> **Work task**
From the line that includes "3 mln zł na rzecz ochrony wilka i rysia" to the last line of the records, inclusive, repeat each line exactly.

━━━━━ Dataset excerpts

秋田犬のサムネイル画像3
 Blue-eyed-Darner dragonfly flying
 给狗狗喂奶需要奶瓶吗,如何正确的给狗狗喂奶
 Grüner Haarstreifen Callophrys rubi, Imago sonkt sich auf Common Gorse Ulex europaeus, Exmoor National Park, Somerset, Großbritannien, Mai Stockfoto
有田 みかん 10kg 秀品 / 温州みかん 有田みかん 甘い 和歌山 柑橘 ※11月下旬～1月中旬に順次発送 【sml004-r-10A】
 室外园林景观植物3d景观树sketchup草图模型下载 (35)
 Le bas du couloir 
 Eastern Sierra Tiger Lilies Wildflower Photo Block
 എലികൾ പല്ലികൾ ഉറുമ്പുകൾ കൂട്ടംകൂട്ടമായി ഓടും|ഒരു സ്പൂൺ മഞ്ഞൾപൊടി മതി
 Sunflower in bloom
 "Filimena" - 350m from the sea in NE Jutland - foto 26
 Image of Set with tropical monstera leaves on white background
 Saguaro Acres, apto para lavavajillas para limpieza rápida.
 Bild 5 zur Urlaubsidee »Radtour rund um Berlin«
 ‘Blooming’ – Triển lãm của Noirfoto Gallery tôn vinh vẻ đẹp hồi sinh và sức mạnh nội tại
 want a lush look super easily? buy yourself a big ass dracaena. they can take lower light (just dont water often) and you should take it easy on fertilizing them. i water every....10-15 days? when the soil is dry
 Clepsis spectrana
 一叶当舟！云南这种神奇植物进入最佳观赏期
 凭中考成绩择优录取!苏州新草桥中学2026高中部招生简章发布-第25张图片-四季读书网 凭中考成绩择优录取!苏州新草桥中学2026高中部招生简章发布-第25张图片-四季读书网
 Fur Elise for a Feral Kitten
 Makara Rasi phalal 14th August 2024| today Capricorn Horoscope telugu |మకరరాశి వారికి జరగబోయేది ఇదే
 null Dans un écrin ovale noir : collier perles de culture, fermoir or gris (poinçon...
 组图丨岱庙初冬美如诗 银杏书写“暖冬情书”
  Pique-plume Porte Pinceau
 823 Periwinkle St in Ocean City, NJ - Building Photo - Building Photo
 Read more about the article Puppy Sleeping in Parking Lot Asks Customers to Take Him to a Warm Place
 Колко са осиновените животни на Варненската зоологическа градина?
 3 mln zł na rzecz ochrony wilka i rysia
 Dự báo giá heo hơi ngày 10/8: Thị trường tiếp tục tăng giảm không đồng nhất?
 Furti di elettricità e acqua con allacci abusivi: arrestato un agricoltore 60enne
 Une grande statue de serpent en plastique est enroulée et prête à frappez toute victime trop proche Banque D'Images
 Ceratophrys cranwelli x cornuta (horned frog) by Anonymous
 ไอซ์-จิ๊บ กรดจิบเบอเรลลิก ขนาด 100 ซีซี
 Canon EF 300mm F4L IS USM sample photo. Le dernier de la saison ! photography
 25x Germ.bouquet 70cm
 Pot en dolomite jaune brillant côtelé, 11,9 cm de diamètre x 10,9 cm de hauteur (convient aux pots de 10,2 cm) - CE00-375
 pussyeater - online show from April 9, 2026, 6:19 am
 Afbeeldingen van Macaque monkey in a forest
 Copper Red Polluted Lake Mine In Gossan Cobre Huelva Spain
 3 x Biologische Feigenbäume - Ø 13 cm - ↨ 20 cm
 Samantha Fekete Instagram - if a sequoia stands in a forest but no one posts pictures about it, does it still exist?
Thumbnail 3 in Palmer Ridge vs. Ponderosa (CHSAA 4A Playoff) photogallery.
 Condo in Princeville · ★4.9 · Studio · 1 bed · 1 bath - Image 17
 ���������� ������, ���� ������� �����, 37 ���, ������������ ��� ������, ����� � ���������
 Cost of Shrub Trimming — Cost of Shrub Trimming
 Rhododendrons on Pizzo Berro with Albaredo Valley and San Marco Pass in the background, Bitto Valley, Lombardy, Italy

━━━━━━━━━━

> **Worked solution**
 3 mln zł na rzecz ochrony wilka i rysia
 Dự báo giá heo hơi ngày 10/8: Thị trường tiếp tục tăng giảm không đồng nhất?
 Furti di elettricità e acqua con allacci abusivi: arrestato un agricoltore 60enne
 Une grande statue de serpent en plastique est enroulée et prête à frappez toute victime trop proche Banque D'Images
 Ceratophrys cranwelli x cornuta (horned frog) by Anonymous
 ไอซ์-จิ๊บ กรดจิบเบอเรลลิก ขนาด 100 ซีซี
 Canon EF 300mm F4L IS USM sample photo. Le dernier de la saison ! photography
 25x Germ.bouquet 70cm
 Pot en dolomite jaune brillant côtelé, 11,9 cm de diamètre x 10,9 cm de hauteur (convient aux pots de 10,2 cm) - CE00-375
 pussyeater - online show from April 9, 2026, 6:19 am
 Afbeeldingen van Macaque monkey in a forest
 Copper Red Polluted Lake Mine In Gossan Cobre Huelva Spain
 3 x Biologische Feigenbäume - Ø 13 cm - ↨ 20 cm
 Samantha Fekete Instagram - if a sequoia stands in a forest but no one posts pictures about it, does it still exist?
Thumbnail 3 in Palmer Ridge vs. Ponderosa (CHSAA 4A Playoff) photogallery.
 Condo in Princeville · ★4.9 · Studio · 1 bed · 1 bath - Image 17
 ���������� ������, ���� ������� �����, 37 ���, ������������ ��� ������, ����� � ���������
 Cost of Shrub Trimming — Cost of Shrub Trimming
 Rhododendrons on Pizzo Berro with Albaredo Valley and San Marco Pass in the background, Bitto Valley, Lombardy, Italy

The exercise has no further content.